Last month, Russia engaged in a consistent campaign of bombarding the Ukrainian electrical grid, which its leaders argued were legitimate military targets, even as civilians were killed, injured, or put in danger.


“Broadly speaking, what I would say is missile strikes writ large, missile strikes and drone strikes have slowed down a bit since the end of October,” the official told reporters under the condition of anonymity. ”However, we do continue to see the Russians strike at civilian infrastructure, doing damage to, not surprisingly, again, but we’ve seen things like the electrical grid as Ukraine heads into the winter.“

Ukrainian President Volodymyr Zelensky warned a week ago that Russia could renew its frequent attacks against the electrical grid if Russia is able to acquire additional weapons from Iran.

“We also understand that the terrorist state is concentrating forces and means for a possible repetition of mass attacks on our infrastructure. First of all, energy.
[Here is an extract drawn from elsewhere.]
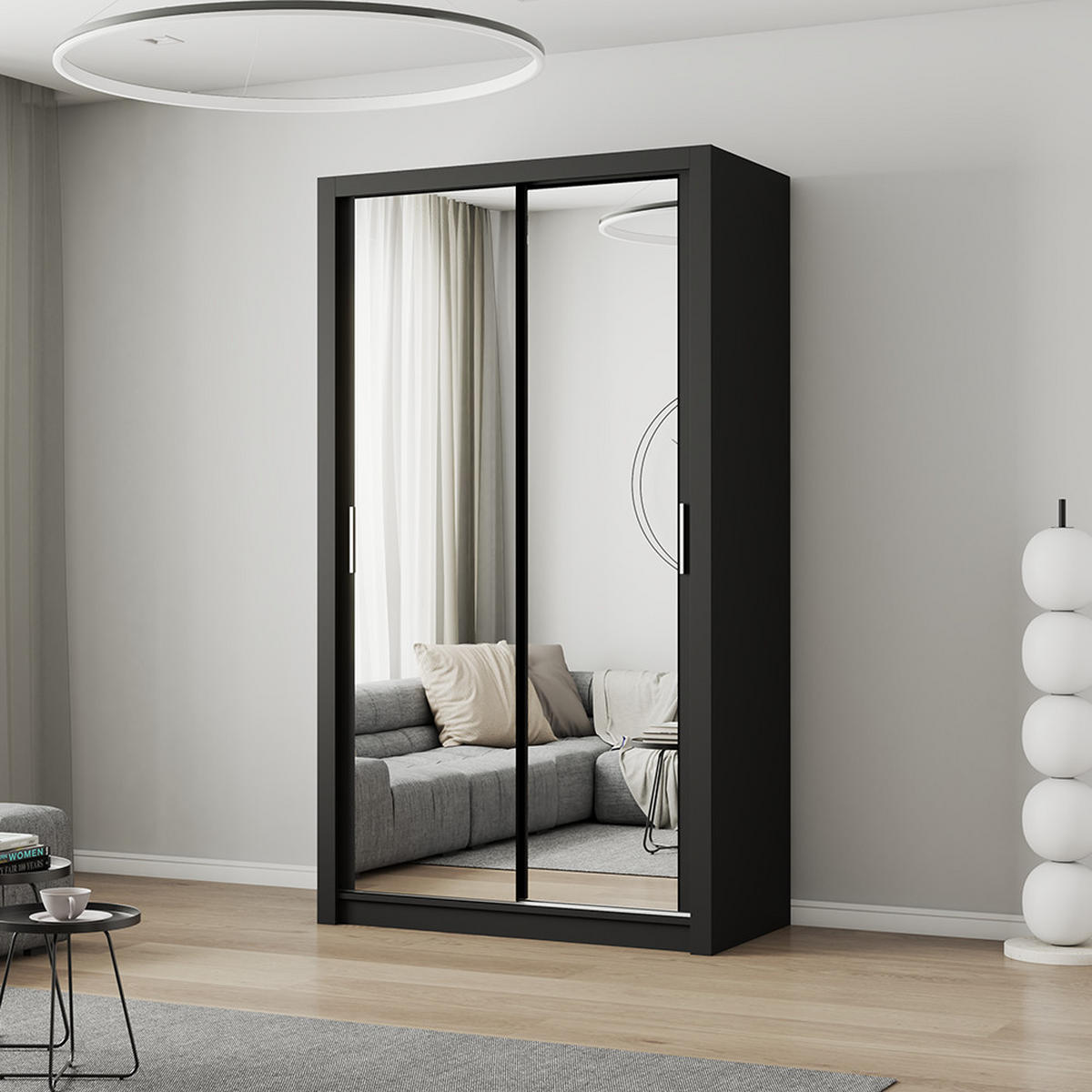 SKŘÍŇ s otočnými dveřmi Milan 120 cm 120/215/64 cm, 2dveřová, černý - černá, kompozitní dřevo (120/215/64cm) - imoebel24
In particular, for this, Russia needs Iranian missiles,” he said, while the senior military official could not provide an update on the previously disclosed reports that indicated Iran could provide missiles to Russia, in addition to the drones they already have provided to the Russians, which have been used during last month’s bombardment.

The official said the Pentagon “remains concerned” about such a possibility becoming a reality.


The official did not attempt to explain why Russia’s air attacks had decreased this month, though they mentioned that Russia’s “munitions stockpiles are challenged, particularly when it comes to precision-guided munitions.” The United States has “no reason to think that Russia is going to let up on its attacks any time soon.”